### YOUR GOAL
Could you transcribe each record below exactly as written, setting the pictures aside?

### EXTRACTED ENTRIES
+--

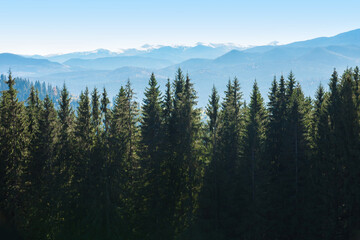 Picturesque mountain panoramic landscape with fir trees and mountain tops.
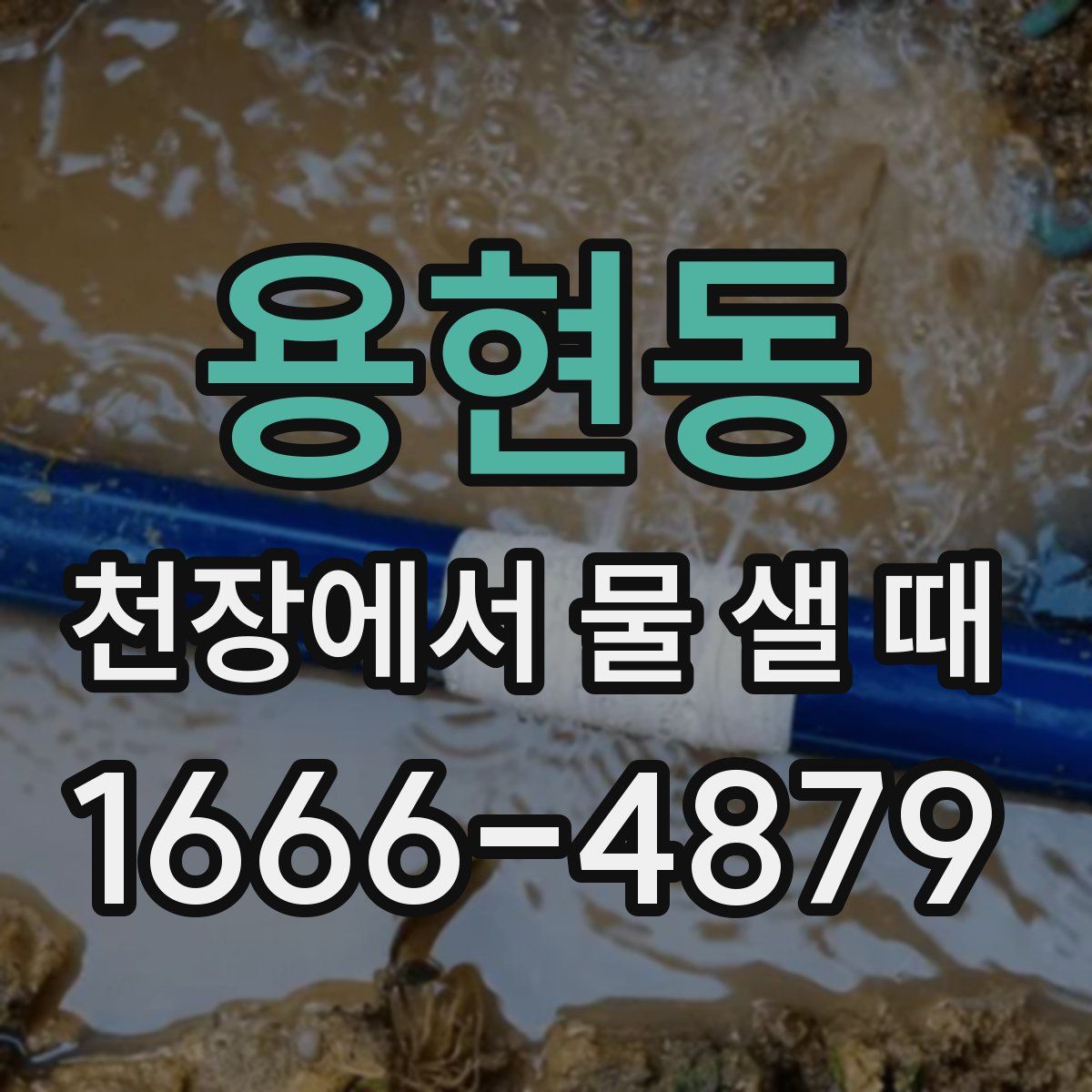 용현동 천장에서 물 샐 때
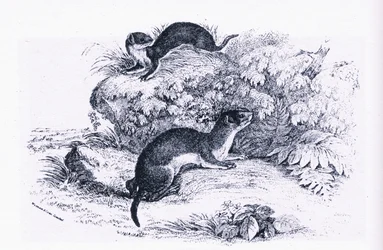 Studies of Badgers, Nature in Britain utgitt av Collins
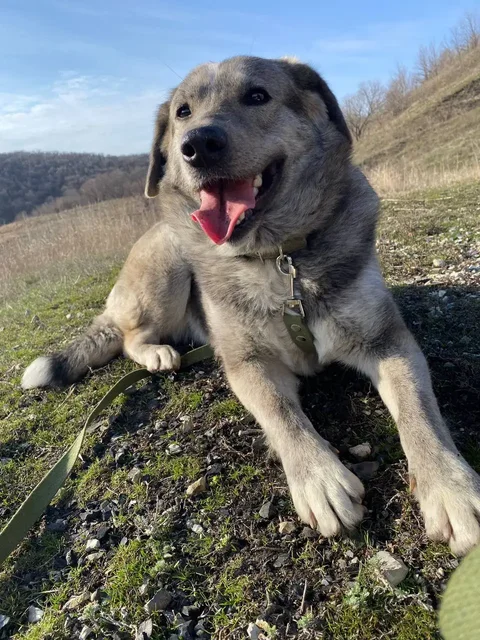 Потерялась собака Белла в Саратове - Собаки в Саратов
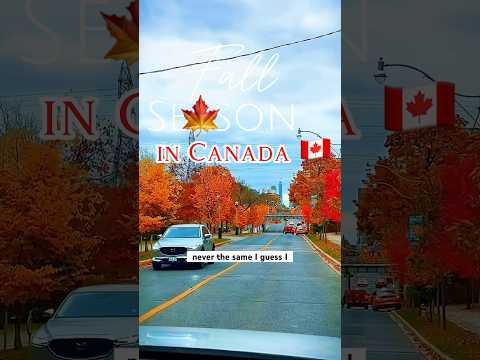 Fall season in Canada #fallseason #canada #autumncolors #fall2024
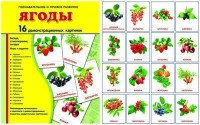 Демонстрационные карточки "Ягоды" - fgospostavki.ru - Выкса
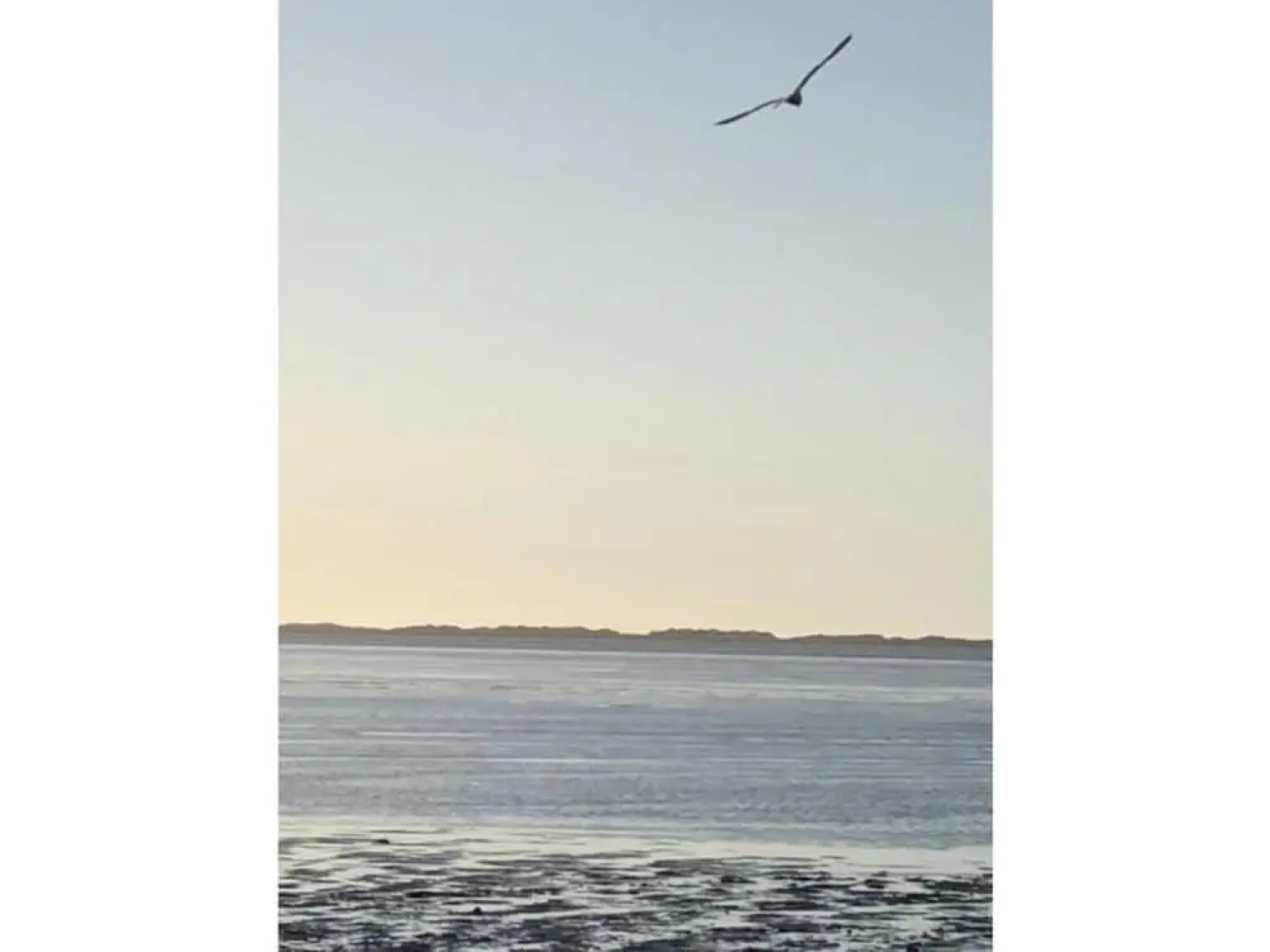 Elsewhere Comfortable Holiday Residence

+--

### OUTPUT
 Picturesque mountain panoramic landscape with fir trees and mountain tops.
 용현동 천장에서 물 샐 때
 Studies of Badgers, Nature in Britain utgitt av Collins
 Потерялась собака Белла в Саратове - Собаки в Саратов
 Fall season in Canada #fallseason #canada #autumncolors #fall2024
 Демонстрационные карточки "Ягоды" - fgospostavki.ru - Выкса
 Elsewhere Comfortable Holiday Residence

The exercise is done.